1.3 Benchmarking via Authorship & Citations

Like any scientific venue, ED-MEDIA can be described through a set of characteristics like the number of published papers, the number of authors, the distribution of papers per author or community, co-citation networks, etc. These characteristics are studied by the fields of bibliometrics and scientometrics (Osareh, 1996; Osareh, 1996a; Hood & Wilson, 2001). Bibliometrics measures the production and consumption of scientific material, while scientometrics are focusing on the measurement of the production process. Together, these two sub-fields of informetrics have developed the methodologies and tools needed to gain deeper insights into the characteristics of conferences and journals of particular research groups.

The main source for the data analysed in section 4 was the Digital Library of the AACE and the Proceedings CDs of the ED-MEDIA Conference. The first source, the Digital Library, was used to extract the information about the title, authors and affiliation for each paper from ED-MEDIA 1999 to 2008. The second source, the Proceedings CD was used to extract the information on bibliographical references for each paper from ED-MEDIA 2005 to 2008.

The extraction of the data from the Digital Library was made by web-scraping from the ED-MEDIA pages (AACE, 2008). Small scripts in Java were used to convert those pages from HTML to structured XML documents. For each paper, a list of the authors, affiliation, country and year was extracted. This information is mainly used in the authorship and co-authorship analyses.

The main problem faced in the extraction was the variability in the names of the affiliation of the authors. In some cases, it included the department, faculty, university, city, and country. In others there is just the country. In addition, the way in which the names were formatted varied across the ED-MEDIA editions. For example, initials for the middle name are sometimes included and sometimes not. Most of these problems were solved through the use of text similarity algorithms, like ‘edit distance’ (Ristad & Yianilos, 1998), or by the removal of obvious errors with a list of reserved words (for example, the words ‘University’ or ‘Department’ in the field author name). The accuracy of the extraction was evaluated against human expert judgements to be below 5% in sample of 100 papers.

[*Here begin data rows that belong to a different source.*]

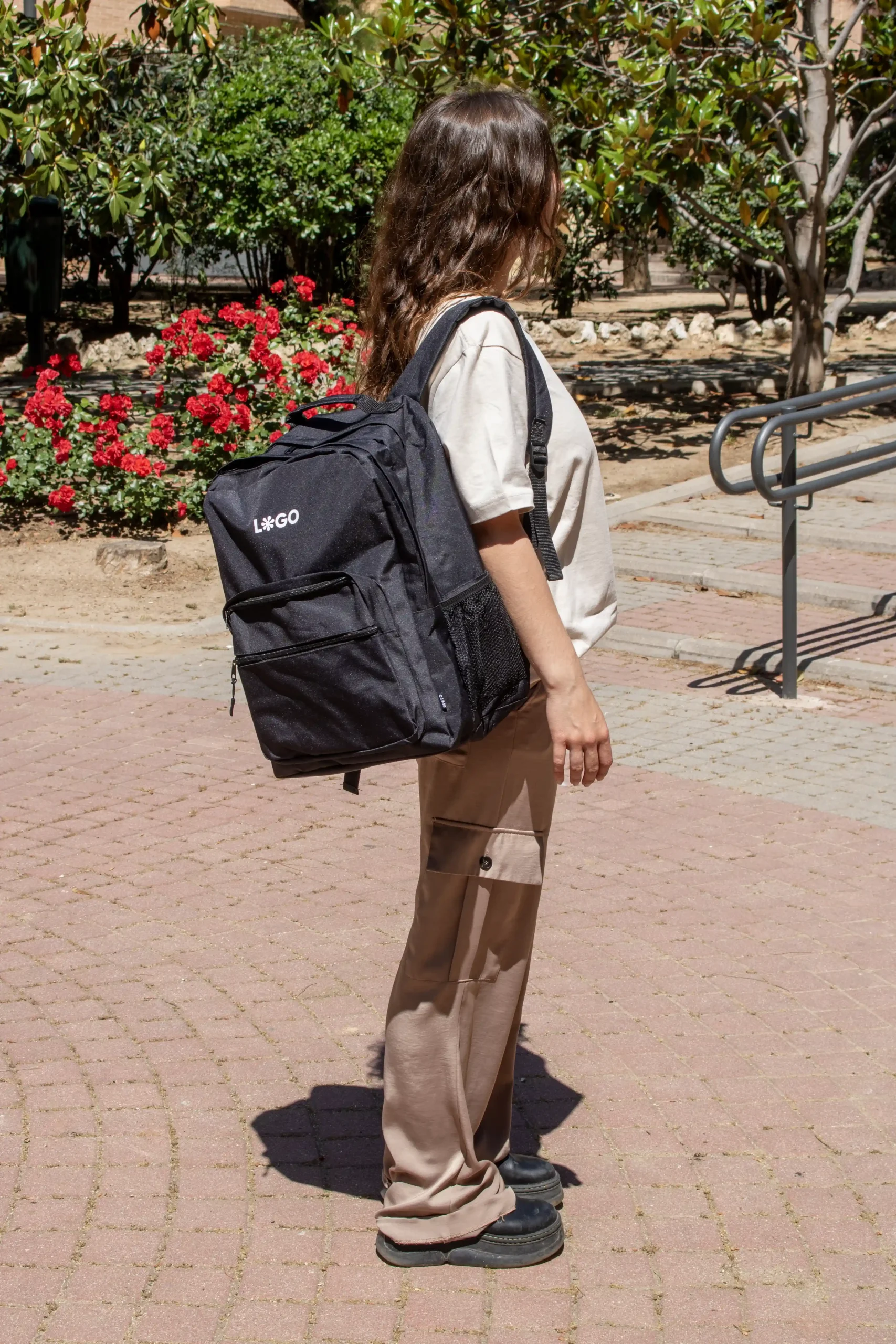 Sac à dos professionnel noir personnalisé avec logo blanc modèle fille dans la rue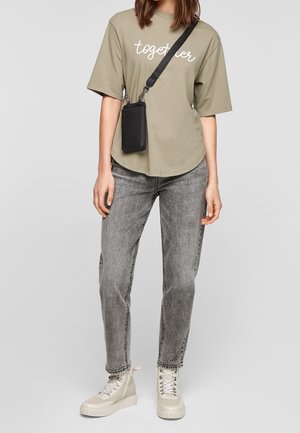 Persoon draagt een olijfgroen t-shirt met de tekst "together", grijs gewassen spijkerbroek, crèmekleurige hoge sneakers en een zwarte crossbody telefoontasje.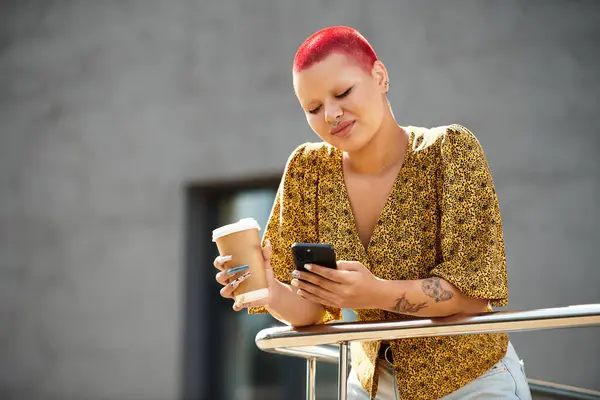 A bald woman with vibrant red hair drinks coffee while checking her smartphone outdoors. — Stock Photo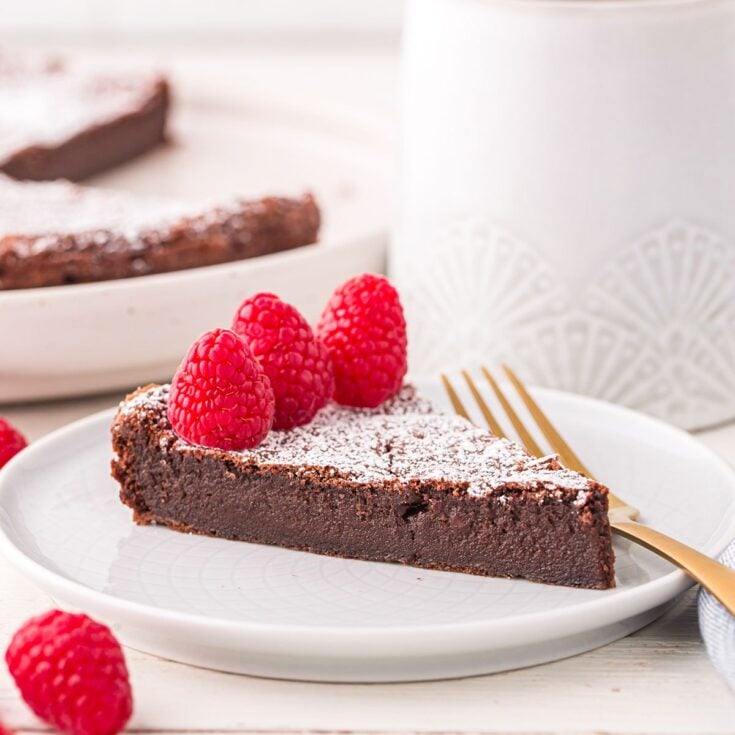 a slice of Flourless Chocolate Torte dusted with powdered sugar and topped with raspberries.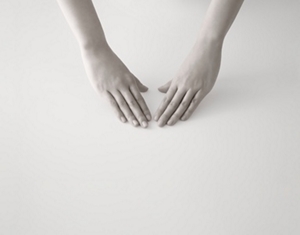 Two hands positioned palm down, prepared to start a skincare routine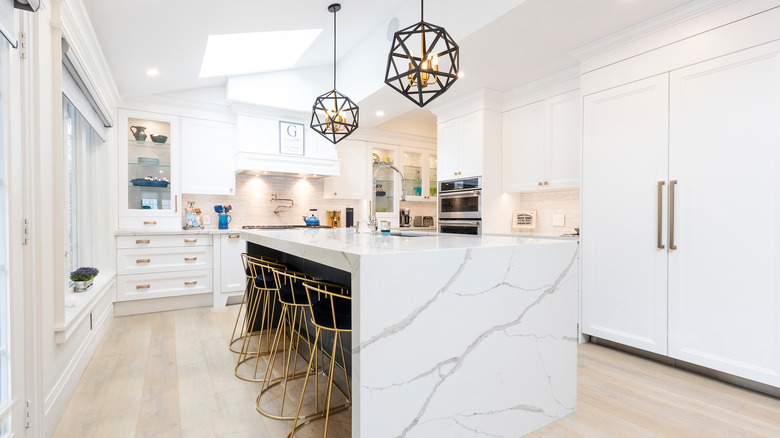 white marble kitchen with gold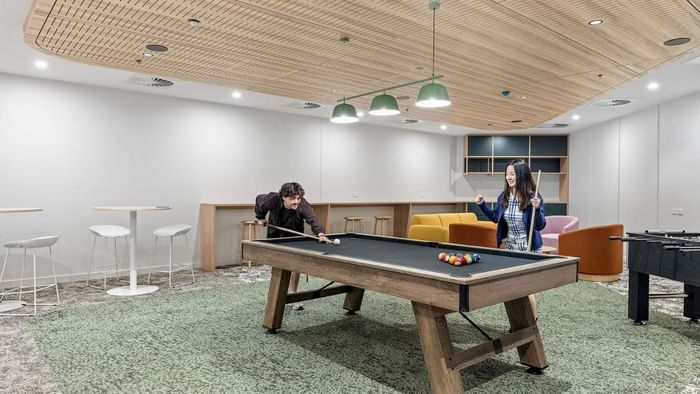 Residents playing pool and table football in entertainment space at UniLodge Brisbane City.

The extraction of the bibliographical references for each paper from the proceedings CD was considerably more complex. First, the content table was obtained from the START.PDF file present in the proceedings. This table helped us to divide the main proceedings file, PROCBOOK.PDF, in individual papers. These individual papers were converted to text files using an open source tool called pdftotext, which is part of a larger package called xpdf. For the reference extraction, two main tools were evaluated. The first was ParaTools v1.10, a set of Perl modules used in the ParaCite site. The second tool was parsCit, another set of Perl modules developed by the University of Singapore. Both toolsets were tested over the ED-MEDIA data and both had advantages and shortcomings. As most errors were complementary (usually one tool had the reference right when the other failed) we decide to combine the output of both tools to produce the final results. Benchmarked against human expert annotation, the percentage of correctly extracted references was about 70% in a sample of 100 papers. Circa 30% of the references were not extracted by any tool because of the non-standard way in which some ED-MEDIA papers cite their references.

Finally, 6,690 papers and 10,689 authors from 92 different countries were identified for the period between 1999 and 2008. Also, 2,946 papers were analysed from the period 2005-2008 to extract a total of 35,347 citations to 26,378 different papers. This data is used in the following analysis to gain insight into the characteristics of ED-MEDIA (see section 4).

Annex 4 provides an overview on how we intend to extend this social network analysis beyond this initial data set and beyond the constructs presented here.